Going from the line that contains "MCRN: الأدوية لشبكة أبحاث الأطفال" through the last line of the records, set down each line again exactly, both included, with pictures left out.

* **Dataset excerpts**
━━━━━━━━
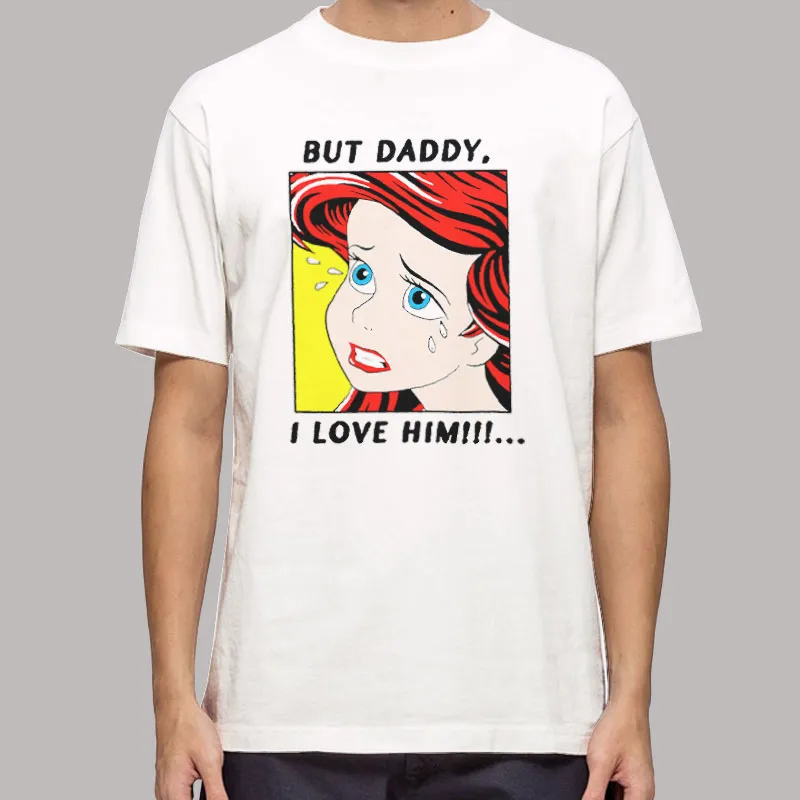 The Little Mermaid Ariel But Daddy I Love Him Comic T Shirt, Sweatshirt And Hoodie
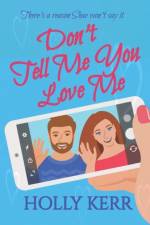 Don't Tell Me You Love Me af Holly Kerr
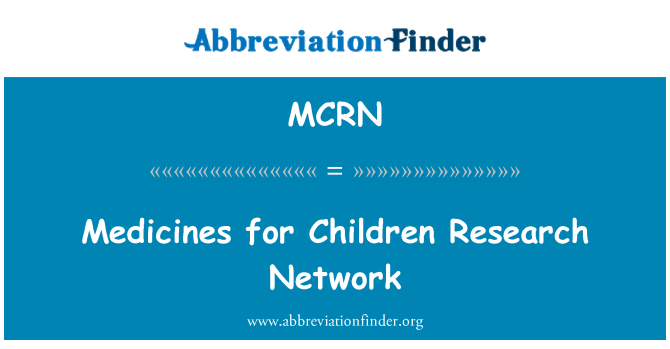 MCRN: الأدوية لشبكة أبحاث الأطفال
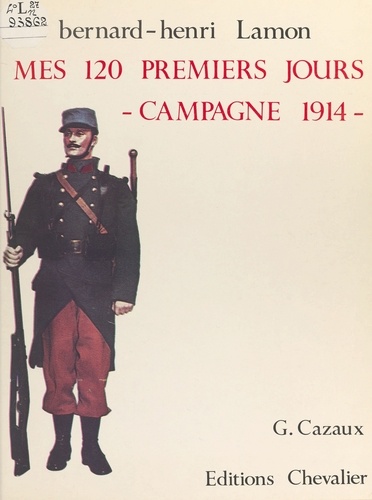 Mes 120 premiers jours : campagne 1914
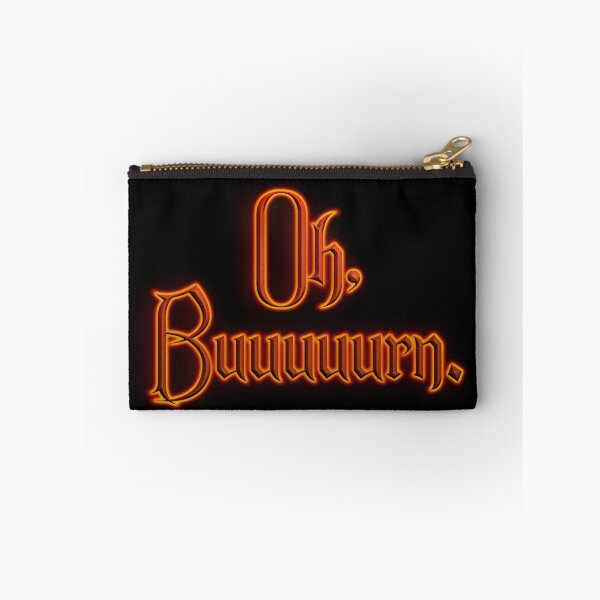 Item preview, Oh Buuuuurn (Fiery Glowing Text) designed and sold by Swabcraft.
━━━━━━━━
* **Exercise answer**
 MCRN: الأدوية لشبكة أبحاث الأطفال
 Mes 120 premiers jours : campagne 1914
 Item preview, Oh Buuuuurn (Fiery Glowing Text) designed and sold by Swabcraft.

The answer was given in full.